# Thank You For Having Me



## RheirBreed (Mar 18, 2015)

Bro. J. Hughes, I am a MM brother from Chicago, IL. Law Men Lodge 1050 MF&AM. It is good to meet your aquantance. "Behold how good it is for brethren to join together"


----------



## Bro. Stewart P.M. (Mar 19, 2015)

Welcome to the online community here!


----------



## Blake Bowden (Mar 19, 2015)

Welcome to the site!


----------



## MRichard (Mar 25, 2015)

What is your grand lodge? Haven't seen a MF & AM before.


----------



## dfreybur (Mar 25, 2015)

MRichard said:


> What is your grand lodge? Haven't seen a MF & AM before.



I figured it was a typo for AF&AM so I looked up 1050 in my own jurisdiction.

http://go.masonicconnections.com/Site/GrandLodgeIllinois/Information/LodgeLocator.aspx  No such lodge in my Illinois jurisdiction.

http://www.mwphglil.com/  The other regular and recognized jurisdiction in that territory only goes up to #157.

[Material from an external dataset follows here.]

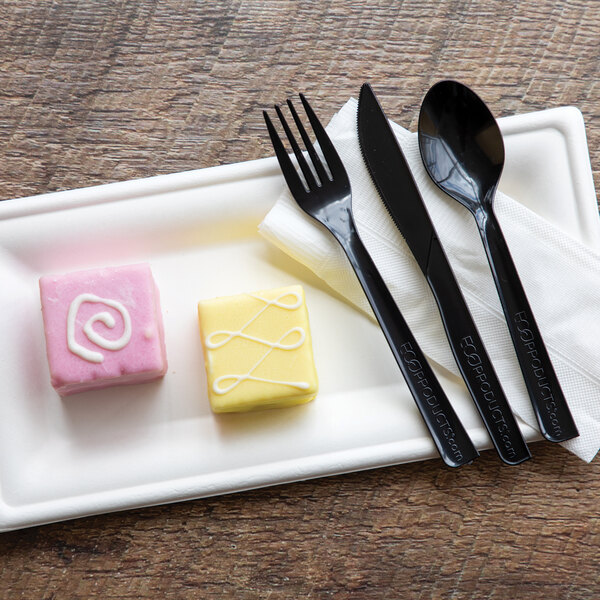 A rectangular white compostable sugarcane plate holding two small decorated cakes, with black plastic cutlery and a napkin beside them.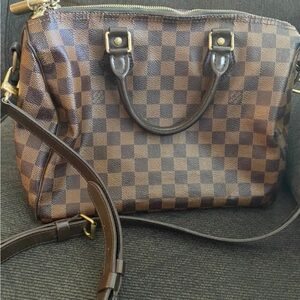Auth. LV Bandouliere speedy.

http://thephylaxis.org/bogus/bogus_il.php  No obvious match in the current bogus list.


----------



## Ripcord22A (Mar 25, 2015)

Did a Google search and the closest thing I could find was a BPOE lodge 1050 in Kearney, NJ


----------



## MRichard (Mar 26, 2015)

After more research, I did find this grand lodge in Chicago, IL that styles itself MF & AM. http://www.ksgrandlodge.com/index.html . Not sure if you realize this @RheirBreed but this is a clandestine grand lodge. It may not be your grand lodge but the only regular & recognized lodges in your state would be Grand Lodge of Illinois & MWPHGLIL (Prince Hall)


----------